As criaturas são assustadoras e desenfreadas, algo que proporciona boas cenas de suspense e desespero. Os efeitos especiais, por sua vez, também são cabíveis e funcionam bem dentro da necessidade. Fora um chroma key mal feito em determinadas cenas mais explosivas, os cenários compõem a atmosfera de apocalipse do futuro e a trilha – absurdamente alta e constante – não nos deixa esquecer que são as cenas de ação que vão tornar esse longa memorável para o público. E realmente tornam. As sequências são bem dirigidas e instigantes, algumas de roer as unhas, fruto de um diretor experiente nos queridinhos filmes de super-heróis.

A direção e o roteiro

Para um diretor com altos e baixos, sendo o ponto alto ter feito o divertido LEGO Batman: O Filme, Chris McKay consegue manter boa energia nas espetaculares cenas de ação e, mesmo com alguns planos bagunçados, é possível compreender o que está acontecendo em cena.
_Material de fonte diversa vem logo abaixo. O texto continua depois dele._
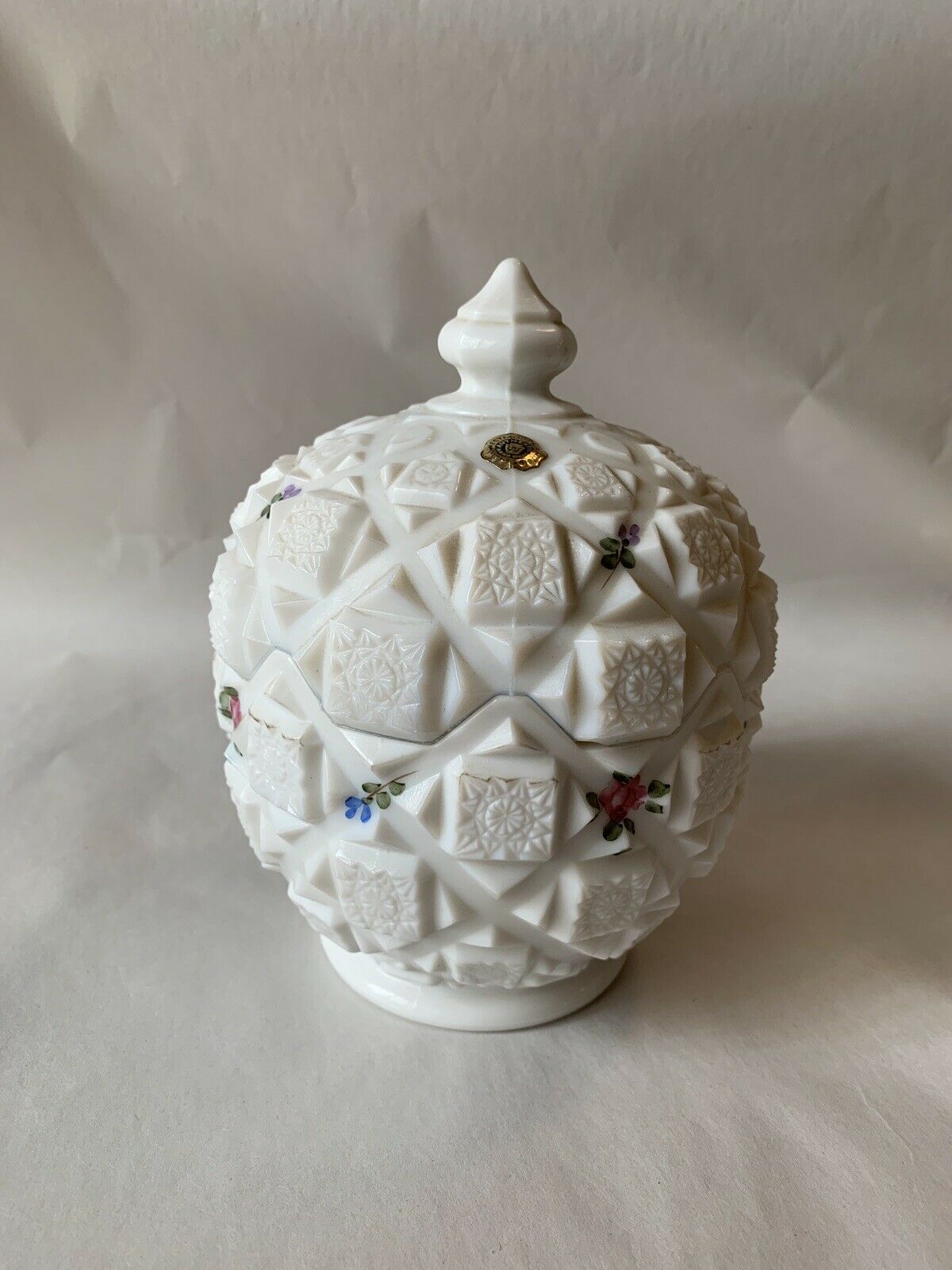 Westmoreland Old Quilt Rose Swag Hand Painted Milk Glass Covered Candy Dish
Isso é bastante louvável, uma vez que grande parte desses filmes são apenas bagunçados mesmo.

Apesar da duração de mais de 2 horas ser um exagero, especialmente por se estender demais no começo e ter um desfecho anticlimático de duas grandiosas cenas de ação conclusivas seguidas – sendo a segunda totalmente apressada para se encaixar na conveniente premissa de que “estava aqui o tempo todo só você não viu”, e das artimanhas de um roteiro preguiçoso que, em determinado ponto, joga as cartas pro alto e abre mão de qualquer explicação mais elaborada sobre o conceito de viagem no tempo, para aderir ao famoso “é isso aí e pronto!”, o humor dos personagens e situações extraordinárias compensa as falhas e ofuscas danos maiores.

Conclusão

Com isso, Cloverfield encontra Tropas Estelares e o charme de Chris Pratt, somado às monumentais cenas de ação – que misturam futurismo, guerra e sci-fi extraterrestre -, transformam A Guerra do Amanhã em uma enérgica aventura com viagem no tempo, mesmo que tudo isso não passe de apenas uma cortina de fumaça para ofuscar o roteiro fascinado pela inconsistência. Passa longe de ser um blockbuster ruim e, como tal, deve agradar fãs do gênero e quem busca um passatempo escapista que, no fim das contas, até nos dá esperanças para um futuro pós-pandemia. Definitivamente o nível de qualidade cinematográfica dos filmes para streaming cresce daqui para frente.